Ruth watched Tom suck in his left cheek and move his hands on the steering wheel.
‘I thought she already had a job?’ Vicky said, irritated that she didn’t already know this.
‘Yeah, but this is like a holiday job.’ Saskia let go of her hair again.
‘Why didn’t she say?’
‘Probably thought you already knew.’
‘Well, I didn’t.’ Vicky turned to Ruth. ‘Did you know?’
Ruth shrugged. ‘I kind of lose count of the number of jobs Grace does.’
‘Yeah, well, some people’s parents can’t actually afford to send their children to university so they have to pay for it themselves,’ Tom said from the front.
Ruth, upset, looked away.
‘There are loads of grants and stuff for people like Grace,’ Vicky said, defensive. Upsetting Ruth was her territory.
‘People like Grace?’ Tom cut in, angry.
Ignoring this, Vicky carried on, ‘In fact, she’ll probably be better off by the time she finishes—not like the rest of us, up to our eyes in student-loan debt. Cambridge are offering her a scholarship anyway, so what’s the big deal.’
Saskia said slowly, ‘I thought she was going for that NASA one at Yale?’
Vicky, no longer interested, didn’t respond.
Grace was one of their group, and Vicky was tyrannical about having up-to-date information on all members. She considered the group—her group—a profound social achievement given that she’d only started at Burwood Girls’ in Year 11. First she successfully penetrated an already-established group, then she amputated the excess, re-forming a splinter cell comprising core members only: Grace Cummings, Saskia Greaves and Ruth Dent. She put her rapid rise down to not only getting them into Tom’s university parties but even some London ones as well. Who else on all Satan’s earth could have got them into Lilly Allen’s brother’s eighteenth for fuck’s sake?

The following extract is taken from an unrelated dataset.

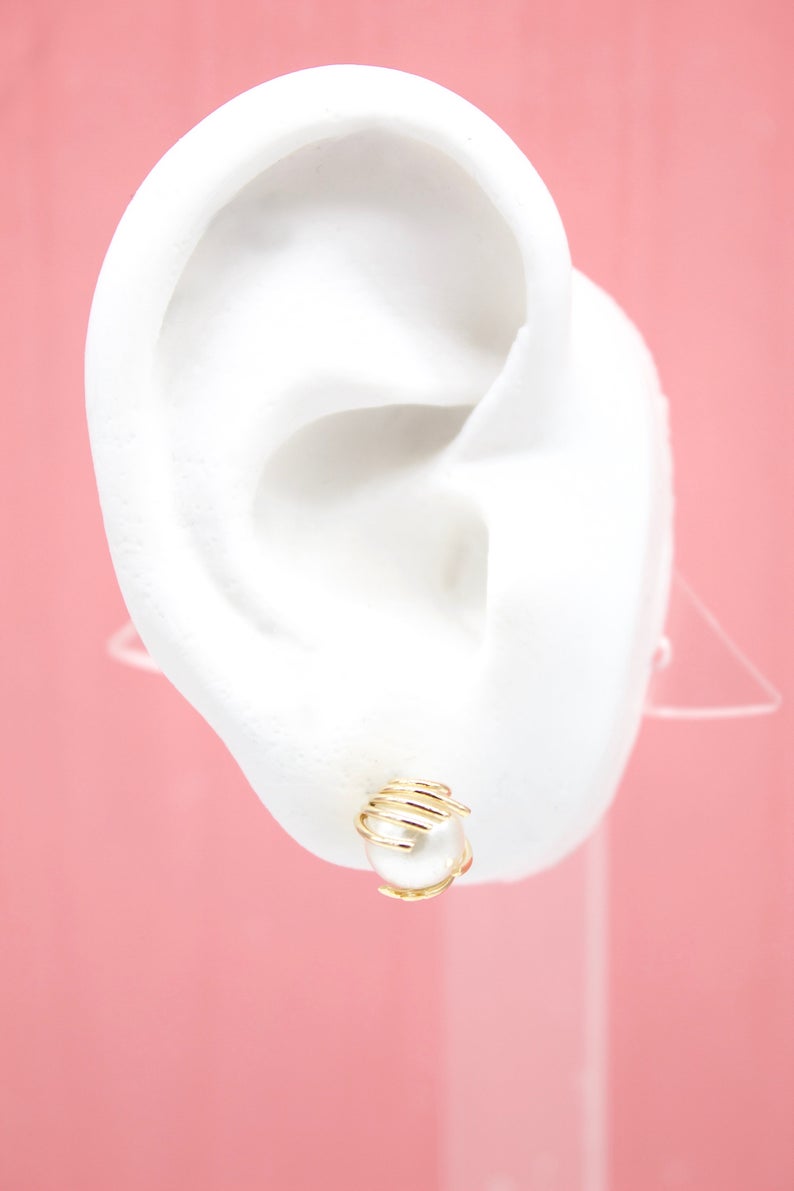 A white mannequin ear displays a gold-wrapped pearl stud earring against a pink background.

They turned right off the lane into Martha’s Fruit Farm and tried looking for a space in the field full of cars. In the end they parked at the top near a ridge of trees where there was a sandpit.
Ruth, worried, said, ‘D’you think they’ll have raspberries?’

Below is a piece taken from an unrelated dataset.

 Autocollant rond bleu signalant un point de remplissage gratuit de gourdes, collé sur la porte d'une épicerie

‘Will you shut up about raspberries.’ Vicky pulled her skirt off the back of her legs, which were covered in an imprint of the car’s upholstery.
‘I only mentioned them once.’
‘You mentioned them like about a hundred times,’ Vicky said, moving off between the rows of parked cars, the air heavy with the scent of fruit on the turn.
They straggled slowly down the field whose early summer ruts had now been baked hard by the sun. By the time they got to the weighing-in hut at the bottom, all three girls had linked arms, their heads resting on each other’s shoulders.